Over the course of the next hour, I walked around, taking various pictures and looking at the merchandise. I took pictures of the big promo stand, limited edition copies stacked on the ground, a giant marquee sign, and the tables where the Blizzard-employee-to-appear would sit and sign. Other points of interest that I didn’t take pictures of was the giant widescreen TV where you could try out single-player Warcraft III, another widescreen TV (not giant, but still big) where they were playing the cinematics of the game via special DVD, and a LAN game where anyone was free to play (on nice flat screens, to boot).

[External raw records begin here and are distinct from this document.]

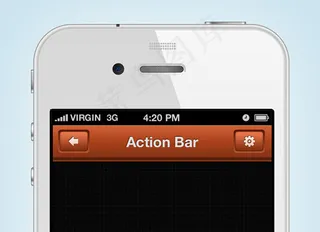 时尚的手机应用程序的动作条接口PS...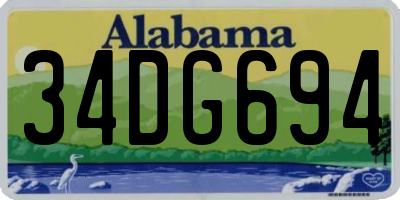 AL license plate 34DG694
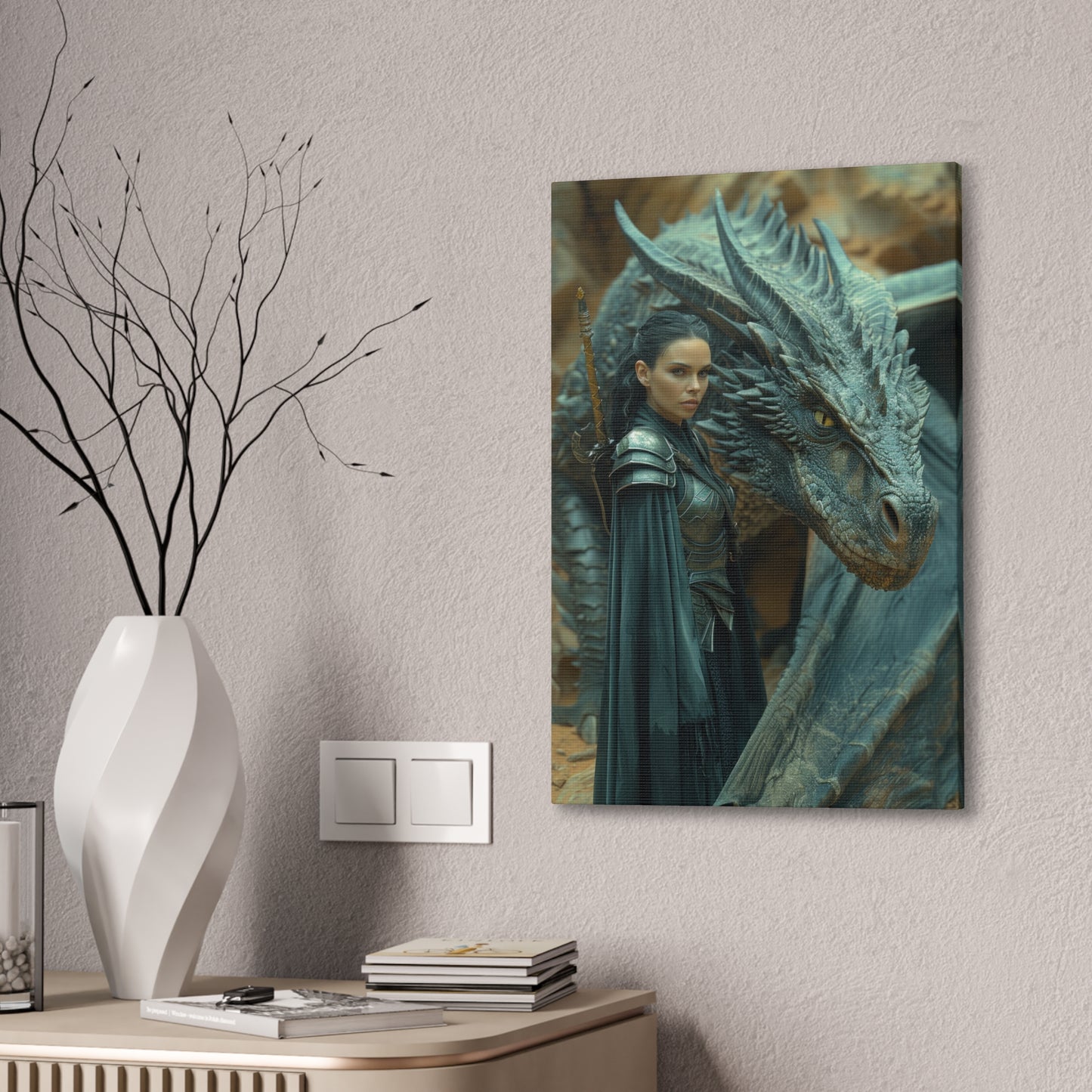 "Dragon Warrior" Canvas Stretched, 0.75" - Print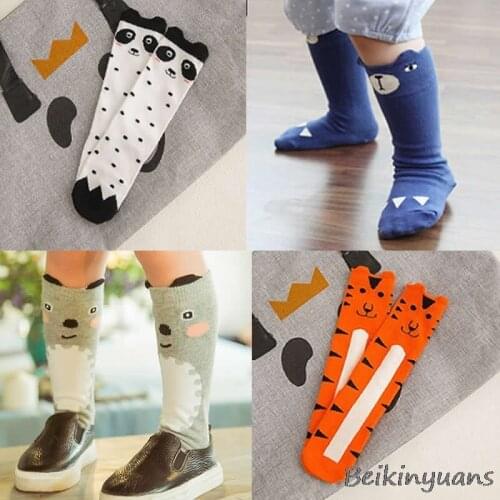 Spring and Autumn Winter Baby Children Stereo Cartoon Cotton Socks Princess Socks Children Fox Panda Cartoon Socks
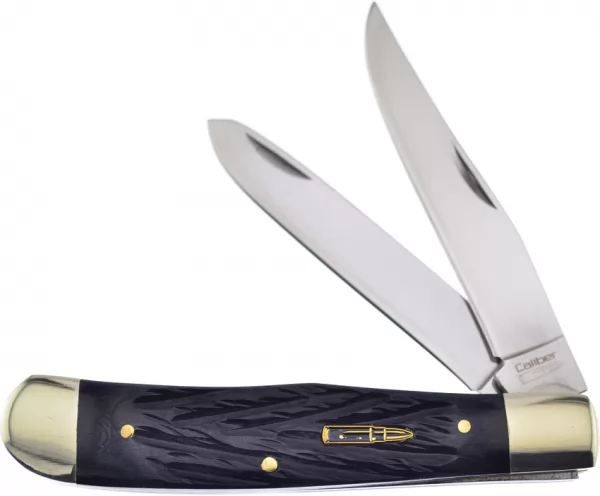 Frost Cutlery Trapper Black Bone knives FCAL108BPB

Fry’s was selling Virtua Tennis at the unbeatable price of $4.90 and since that was too good to pass up, and since there wasn’t anything else to look at, I picked up a copy and skedaddled on down to the retail line. Already, there was yet another line forming despite the fact there was still at least 30 minutes until the registers would open. Waiting with my brother, it was there I decided not to purchase Warcraft III and plopped it back to its original spot. However, my presence was still needed at the line since my brother was buying two copies and each person who buys gets a poster, while supplies last. So, as you can surmise, two separate purchases means two separate posters (greediness runs in the family it appears).

After that was over with (we both got posters), it was time to get into the real deal of lines: the line to get your game signed. This line was moving at an impossibly slow and meticulous speed, but it was moving indeed, so it was to be assumed that the Blizzard employee was already there. One thing to mention: the odor. The dangerous level of nerdy testosterone seemed to manifest itself into an ungodly, acrid stink of body odor…and Cheetos residue left from unwashed hands. The faint of heart or small children couldn’t have survived in these close quarters.

I stumbled away from the line to take a better look at the Blizzard employee. A somewhat portly, but nonetheless jolly, fellow sat at the table as employees gathered and smiling gamers presented their copy (very, very few had the normal edition). Bill Roper, said a placard placed next to him, Vice-President of Development.

Returning to the line, I thought it would be a good idea to get a picture of Mr. Roper. Looking around for a good photo op, I noticed that a Fry’s employee was taking pictures of the people standing in the line and concurred that that indeed be a good spot to take a few. Standing next to him, I had barely pushed the button for the flash when I was asserted that no pictures were allowed. What an unfortunate turn of events! No pictures? No photos? But try as you may, you can’t silence the press! Along with the ones already shown and this final picture, this is the real scoop on the Warcraft III event. Blizzard may be after me now, I fear for my well-being.

So what happened after that? Waiting, standing, moving forward one step, waiting, looking, standing. As it turns out, Mr. Roper was signing practically everything in the set (and if you’ve seen the limited edition package, that’s a whole lot of everything) which accounted for the turtle’s pace of the line. After a few more minutes, the lines picked up and it could be purported that Roper was signing less than before due to time constraints. Things were going swiftly and the guy with the shirts at the beginning of this anecdote came over and offered me a piece of paper. This yellow paper he handed me was redeemable for a free Warcraft III action figure, to be picked up after I had my game signed. What was it that made me get singled out from this crowd? My boyish good looks? My natural flair for chic and remarkable fashion? Let’s say both.

So it was my turn, got my brother’s Warcraft III signed (across the top of the box and then on a lithographic print) and exchanged the requisite Hellos and How-do-you-dos with Mr. Roper. I got my action figure (I chose the orc) and that moment seemed like a perfectly reasonable time to leave.

And that’s how it was. An uninteresting and tired end to what was a slightly auspicious night. Everything turned out right though I do seemed to have misplaced my Virtua Tennis. And as for all the Warcraft IIIs that got signed that night? They all tell a different story, travel different roads, but some lead to a sad, inevitable destiny.